Comentadeiros
Os últimos dias fizeram prova de que os espaços de comentário político nas televisões portuguesas não passam de espaços de propaganda, autênticos tempos de antena para a promoção própria de quem os ocupa, dos seus partidos ou de interesses que representam.
Na mesma estação – a SIC – dois distintos ex-líderes partidários, sempre à procura de garantir o espaço para a promoção de eventuais ambições presentes e futuras, a partir do seu lugar cativo falaram sobre a posição do PCP face ao Orçamento do Estado. Nisto, há um pormenor: quando qualquer dos dois falou essa posição ainda não existia pelo simples facto de que o Orçamento ainda não existia.
Na sexta-feira à noite, Francisco Louçã, com o habitual ar professoral, não se coibiu de usar o seu espaço habitual para, do início ao fim, atacar o PCP. Começou por fazê-lo com a tese de que foi o PCP que empurrou o Governo a atrasar a discussão em torno do Orçamento, quando a verdade é que foi precisamente o PCP quem criticou o Governo por antecipar a data das eleições autárquicas. Depois, continuou, mentindo: que haveria um acordo para que fosse o PCP e não o Governo a propor o aumento de 10 euros para as pensões mais baixas. E por fim coroou o seu espaço de propaganda política com uma nova mentira: que, ao contrário do seu partido, o PCP separou as questões laborais da discussão do OE – quando em todas as intervenções públicas do PCP essas questões têm estado expressamente presentes.
Dias depois foi a vez de Marques Mendes dizer o contrário no seu espaço de comentário na SIC: o PCP está mais exigente, incluindo em matérias como a legislação laboral. Como já lhe é habitual, prosseguiu o seu monólogo contrariando mesmo tudo o que vinha dizendo há meses: depois de, desde o início do Verão, andar a dizer que a viabilização do PCP estava garantida, agora explica que, mesmo que o PCP vote contra, o OE deve ser viabilizado com uma mudança de posição do BE.
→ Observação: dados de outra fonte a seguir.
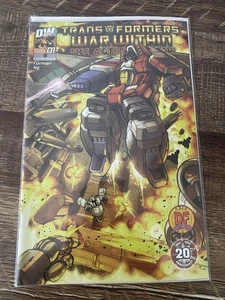 TRANSFORMERS: The War Within - The Age of Wrath Vol 3 #1 - Dynamic Forces (2004) - Bild 1 von 4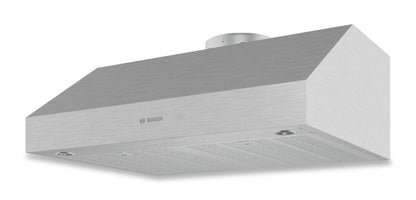 Bosch 36 800 Series Smart Under-Cabinet Range Hood - DUH86553UC | Hotte de cuisinière intelligente sous l’armoire Bosch de série 800 de 36 po - DUH86553UC | DUH865UC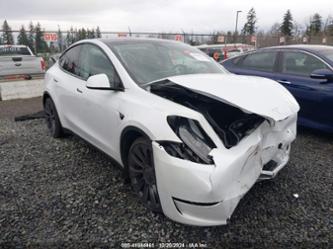 TESLA MODEL Y PERFORMANCE DUAL MOTOR ALL-WHEEL DRIVE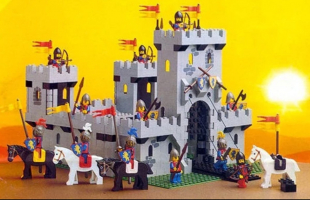 Most Expensive Lego Sets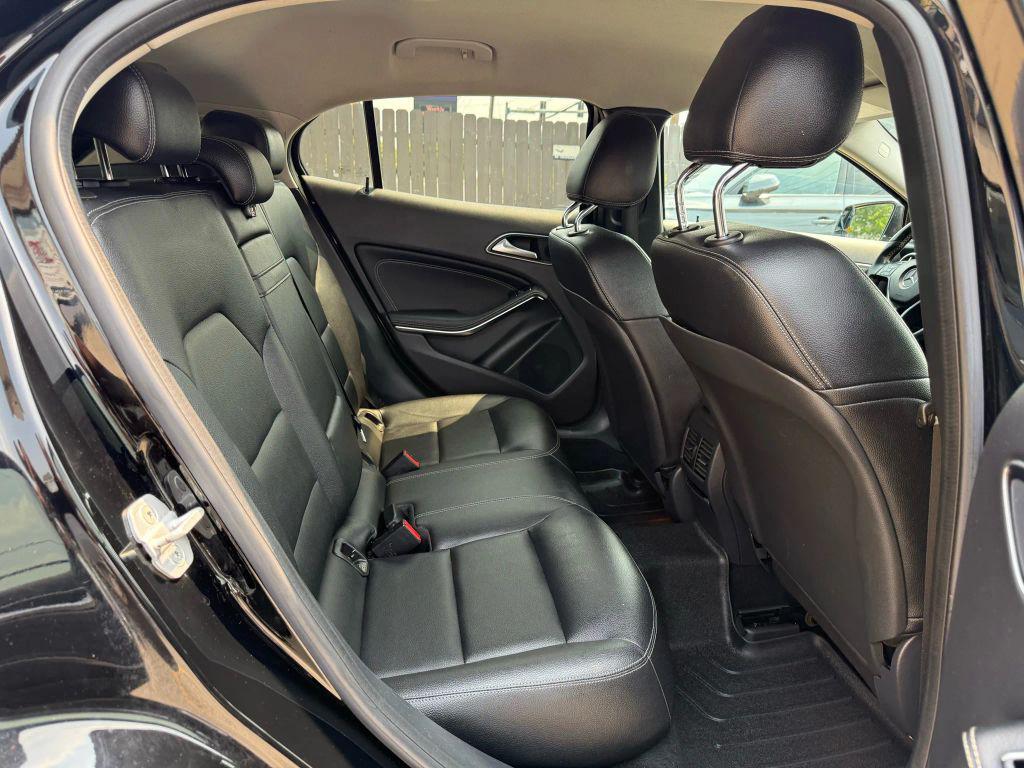 used 2015 Mercedes-Benz GLA-Class car, priced at $12,500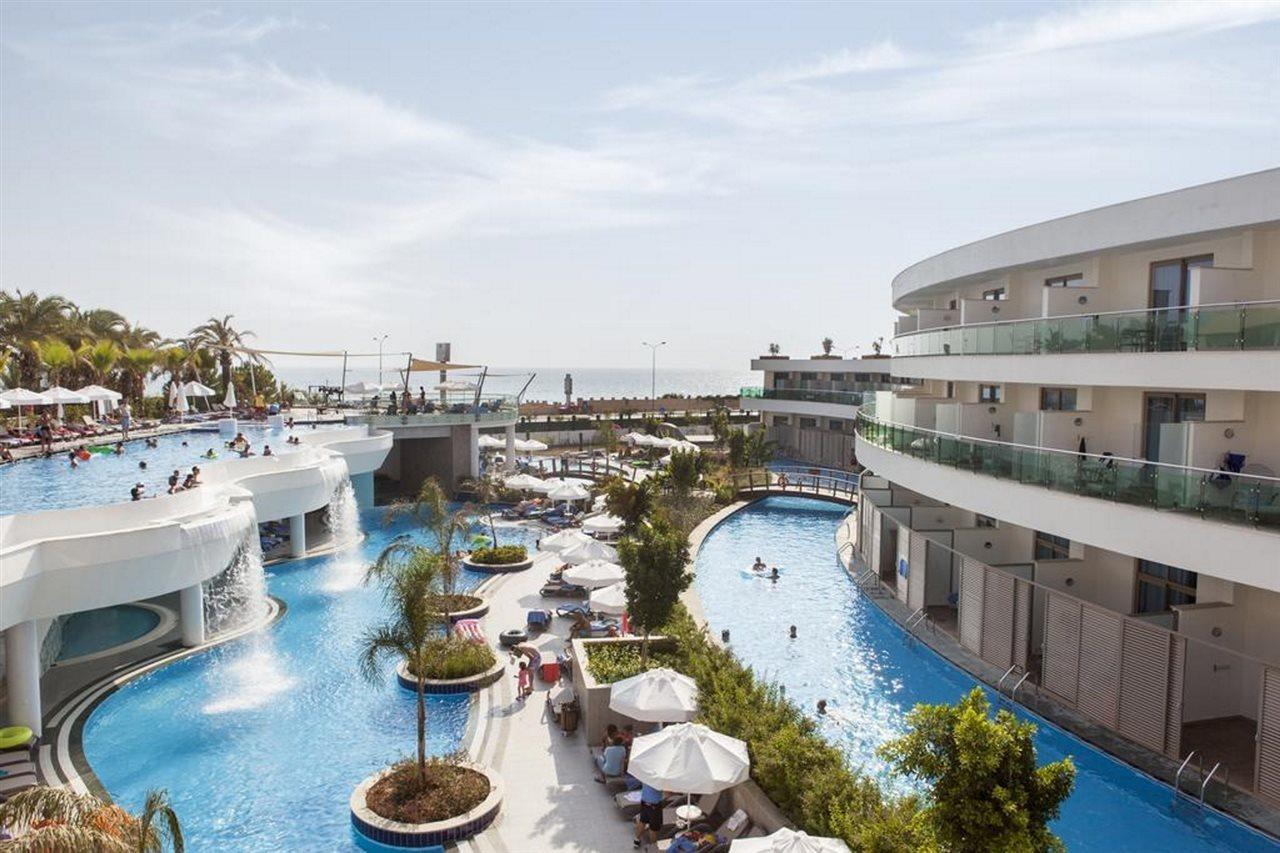 LONG BEACH HARMONY — TURKLER — fotografie hotel nr. 15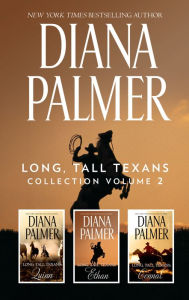 Title: Long, Tall Texans Collection Volume 2, Author: Diana Palmer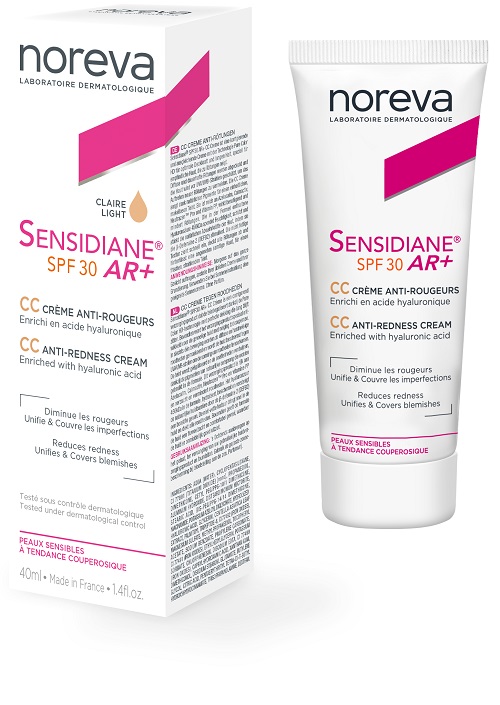 SENSIDIANE AR+ CC CREME 40 ML - Farmacia Artemisia di Montecuollo Dott. Angelo snc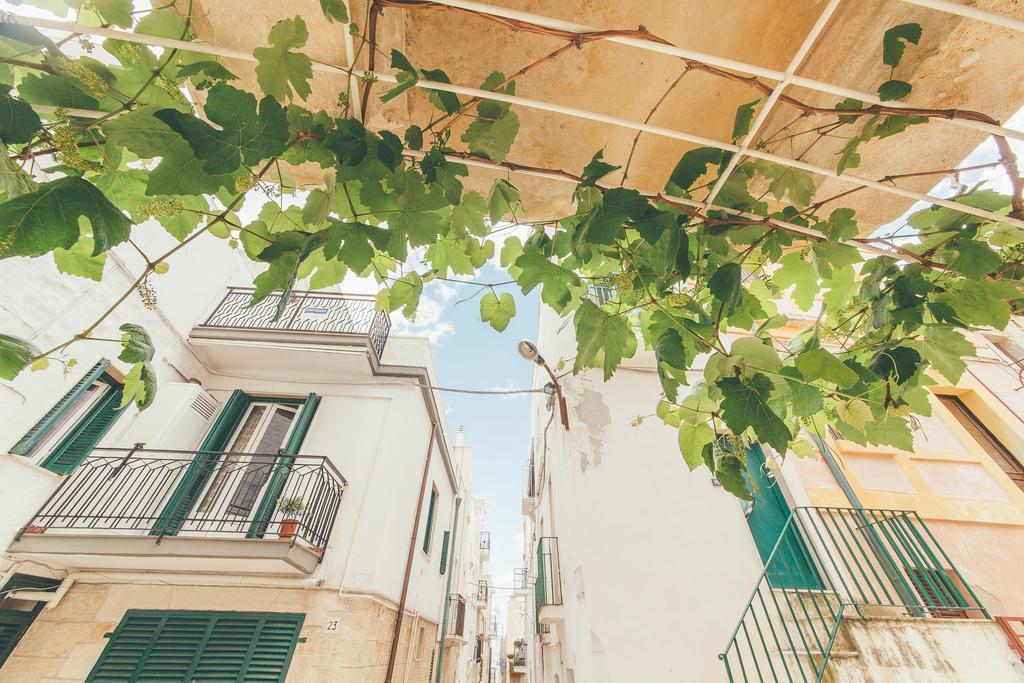 Hotel La Pergola Polignano a Mare Exterior foto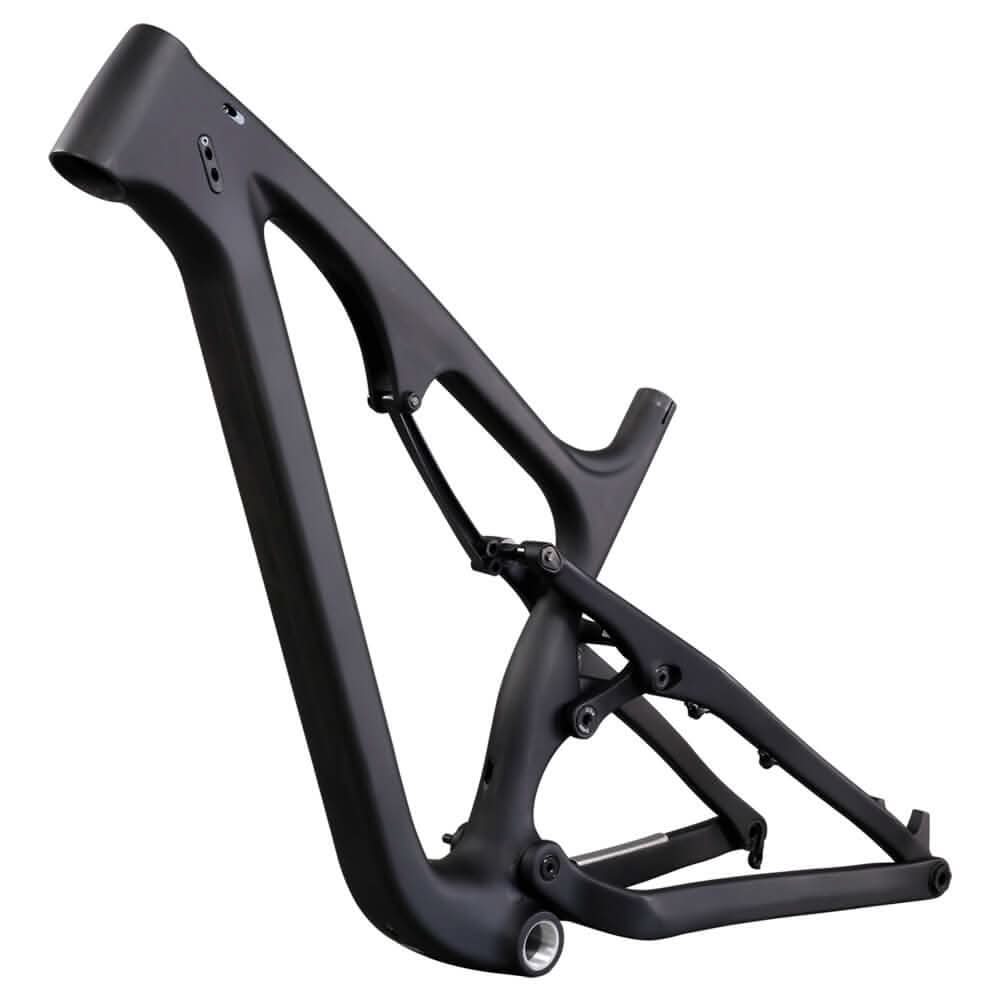 Der beste Carbon Full Suspension Fatbike-Rahmen SN04 zum Verkauf – ICAN Cycling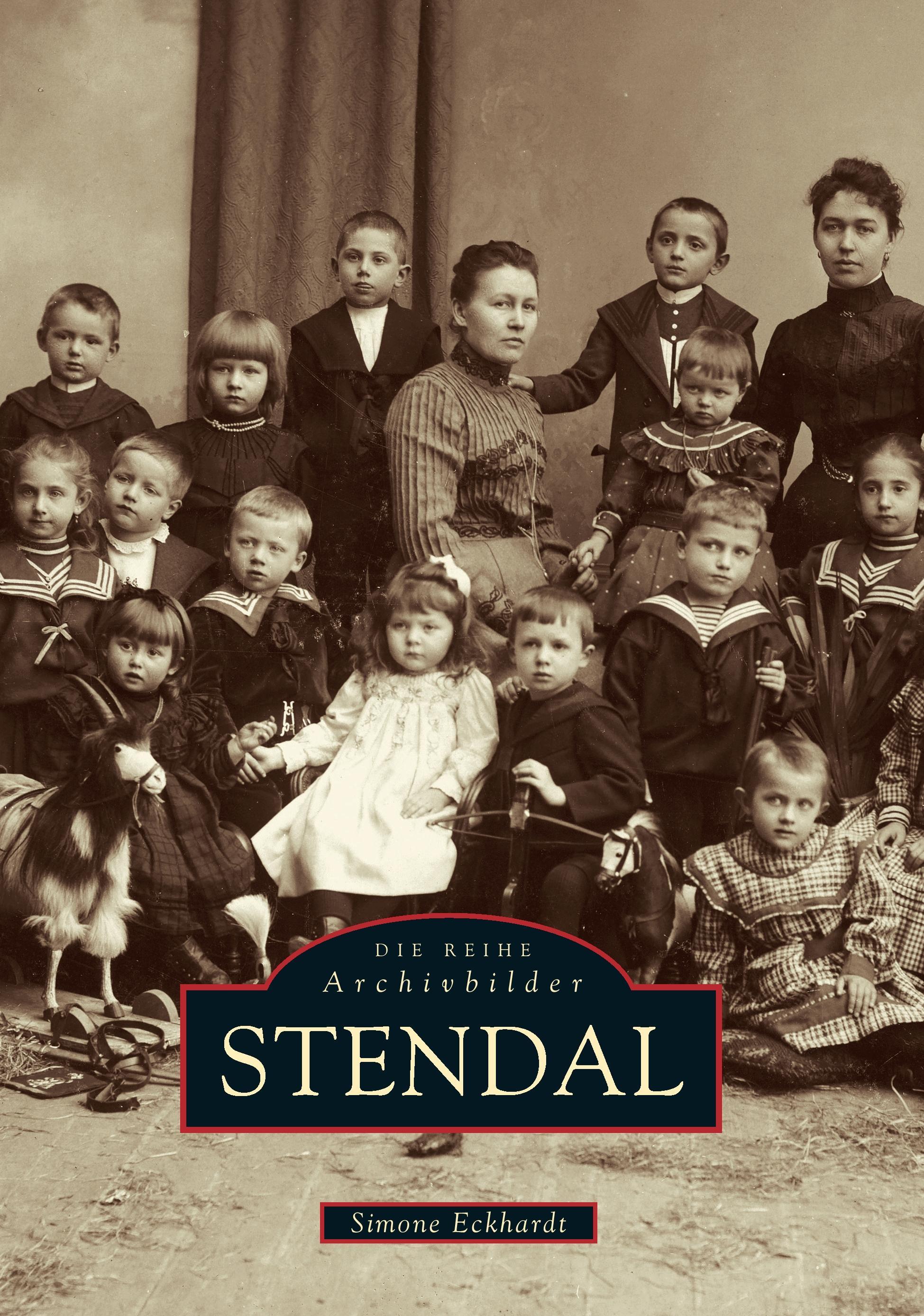 Vorderes Coverbild Stendal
Qual é a relevância de tudo isto? É a prova da inutilidade informativa destes espaços de opinião. Nestes, dizem-se mentiras, fantasias, expressam-se desejos, faz-se combate político e ideológico, procura-se formatar o pensamento à doutrina única do anticomunismo, ainda que com cambiantes diversos. Isto pode interessar, e muito, a quem detém os órgãos de comunicação social (no caso da SIC, nunca é demais relembrar, que se trata do militante número 1 do PSD, ex-representante do grupo de Bilderberg em Portugal) e de quem determina a forma e o conteúdo que estes espaços assumem.
Também assim se explica como é fácil construir uma narrativa única que, por mais que não adira à realidade, de tão esmagadora penetra de forma subtil ao nível de massas. O leitor do Avante! que olhe para os comentários que se seguiram ao anúncio da posição do PCP após a entrega do OE na Assembleia da República: quase sem excepção, todos os comentadores alinharam na ideia de que tudo não passa de teatro. Depois de 100 anos de história, ainda não perceberam nada sobre a identidade do PCP?